§ **Input data**

==================================================

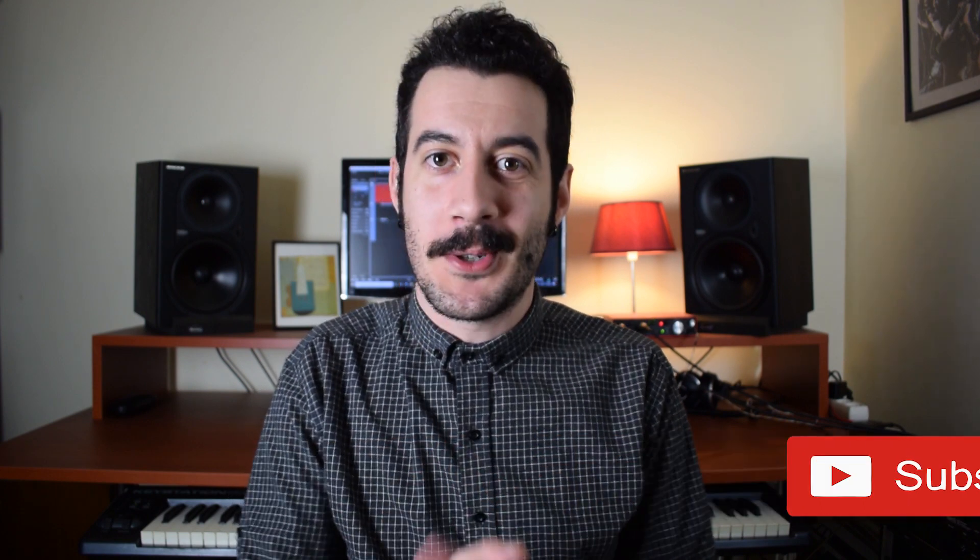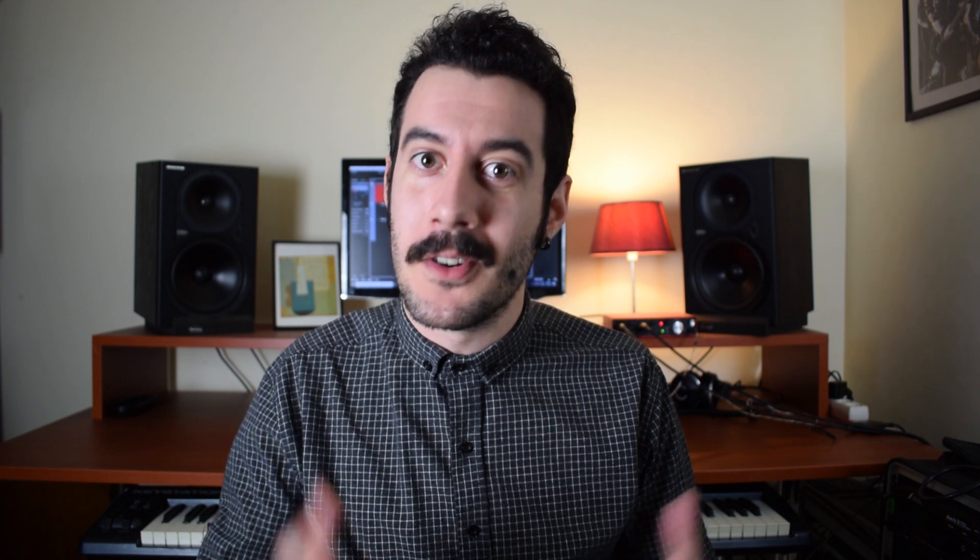Beautiful, isn't it? If you think so, like the video, subscribe to my channel, and if you're really into my content, you can join the community on my Patreon page and unlock all the resources I have there for you. Hope you found it useful. See you next time.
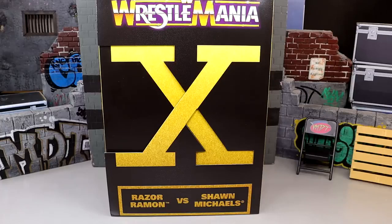What is good everybody, welcome back to another My Name Toys video. Today we're back with a brand new WWE Elite 2-pack review on the WrestleMania 10 Amazon exclusive WWE Elite 2-pack — Razor Ramon and Shawn Michaels.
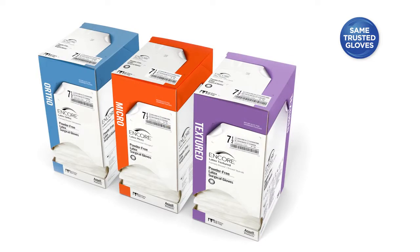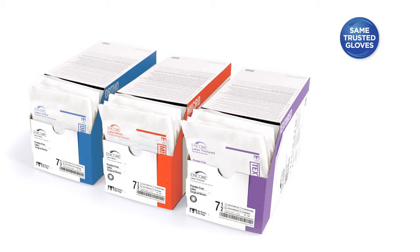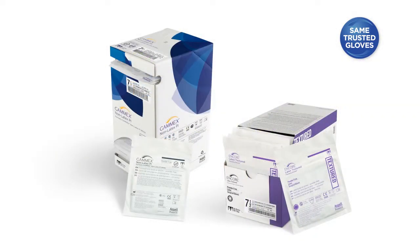Best of all, these unique boxes may be stacked and opened either vertically or horizontally, whichever way is most convenient for you. With our new user-friendly packaging designed to fit how you work, you will enjoy your favorite Ancel gloves with all the conveniences our new pouch and dispenser packages offer.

==================================================

§ **What you need to do**
Except for the pictures, write the data out exactly.

§ **Exercise output**
Beautiful, isn't it? If you think so, like the video, subscribe to my channel, and if you're really into my content, you can join the community on my Patreon page and unlock all the resources I have there for you. Hope you found it useful. See you next time.
What is good everybody, welcome back to another My Name Toys video. Today we're back with a brand new WWE Elite 2-pack review on the WrestleMania 10 Amazon exclusive WWE Elite 2-pack — Razor Ramon and Shawn Michaels.
Best of all, these unique boxes may be stacked and opened either vertically or horizontally, whichever way is most convenient for you. With our new user-friendly packaging designed to fit how you work, you will enjoy your favorite Ancel gloves with all the conveniences our new pouch and dispenser packages offer.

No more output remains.